# Kindle Fire weak wi-fi



## PurpleDog

My 1st generation Kindle Fire, for some reason, does not receive a stong signal from my router. I am constantly getting the "failure to retreive email" notification and when I try to stream Prime or HBO GO video, the picture is pizelated, starts and stops, and then disconnects. Even when I place the Fire on top of my router, I get only 2 bars - the indicator of signal strength.

I have a 2 iPads, an iPod Touch, and a Dell laptop that all get a strong wifi signal. They all work well with Amazon Prime Video and HBO GO. 

After about 1 hour on the phone with Kindle support, they told me that they would have to refer the case to a "technical advisor," and that they would get back to me in "a day or 2". I'm 99.9% sure the Fire is no longer under warranty.  

Does anyone have any ideas ? 
What are my options with Amazon Support ? 
If send them back this Fire, will they give a a break on a refurb replacement ? 
Or is my Fire now best used as a coaster ?


----------



## Ann in Arlington

Occasionally I have difficulty connecting.
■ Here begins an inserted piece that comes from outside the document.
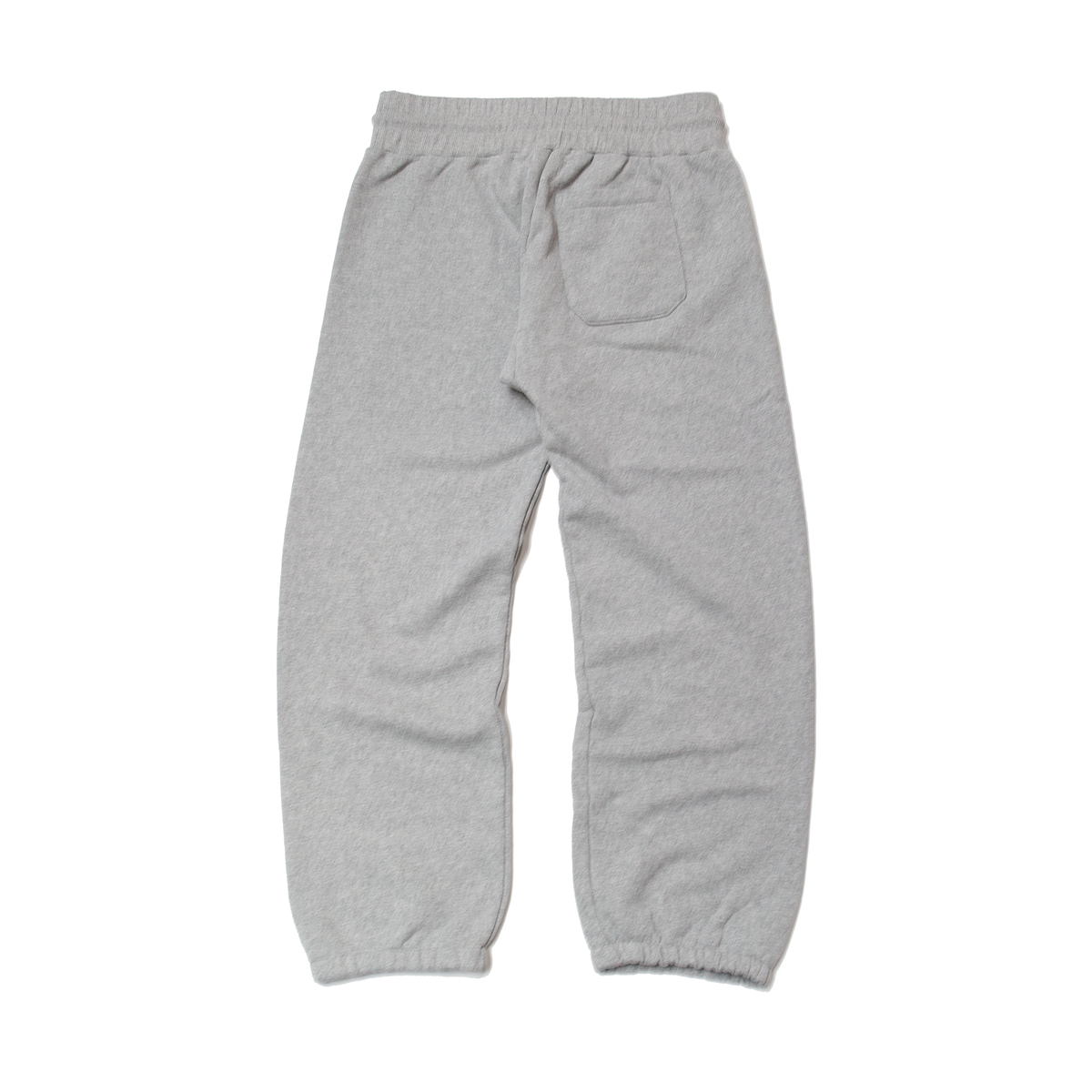 Heather Grey MPA NF Crest Sweatpants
It's usually fixed by toggling the WiFi off and then back on. OR by 'forgetting' the connection and then re-teaching. You could also try re-setting the router to be sure it's sending a good signal.

It is, of course, possible, that the WiFi receiver has failed on the Fire. As it's out of warranty, there's nothing Amazon would be _required_ to do. But if they ultimately have no suggestions, you might ask if there's any kind of consideration they can provide on a replacement. They've done that in the past with eInk devices.


----------



## ginaf20697

Try here

http://www.kboards.com/index.php/topic,143284.0.html


----------



## PurpleDog

Thanks Ann in Arlington and GinaF20697. 

I've tried all those tips and still have poor reception. I have tried sitting right next to the router and doing a hard re-set, and still only get one dot and 1 curved arc bar showing in the wifi indicator thingy.

I'm not up in the wired high tech part of VA like you Ann; I'm down in the part of VA where we have more cows than people. I use Verizon as my internet provider and even on a good day I get 2.5-2.7 MPBS max download speed. If it rains is gets slower. My brother in Tampa uses a company called BrightHouse and he gets 15-20 MPBS download speed. But what is a mystery to me is why my iPads stream video flawlessly and the Kindle supposed super duper Silk experience is choppy and pixelated.  

I was actually starting to get used to the Fire and was using it more and more, and now this wifi problem has cropped up.   I guess I will wait to hear from them; hopefully they will offer to sell me a refurb at a good price.


----------



## Ann in Arlington

You might want to try an alternate browser. . . . . they can be legally loaded from 1mobile.  I use chrome and I've heard others say dolphin is god.


----------



## Olmanrivah

Take it to another WiFi ( like a neighbor's or Starbucks ).  If it doesn't work there it's your Kindle, if it does work, it's your Router.


----------



## SamanthaWheatley11

Is your problem solved now? Please feel free to visit this link http://www.amazon.com/gp/help/customer/display.html?nodeId=200729330for further info about Kindle. Thanks.


----------



## Hadou

Ann in Arlington said:


> You might want to try an alternate browser. . . . . they can be legally loaded from 1mobile. I use chrome and I've heard others say dolphin is god.


I wouldn't equate Dolphin to being a deity, but it's pretty good.


----------



## PurpleDog

Olmanrivah said:


> Take it to another WiFi ( like a neighbor's or Starbucks ). If it doesn't work there it's your Kindle, if it does work, it's your Router.


Great idea ! 
I actually found an old StarBucks gift card in my glove compartment last week and it still had $22 on it. So off I went.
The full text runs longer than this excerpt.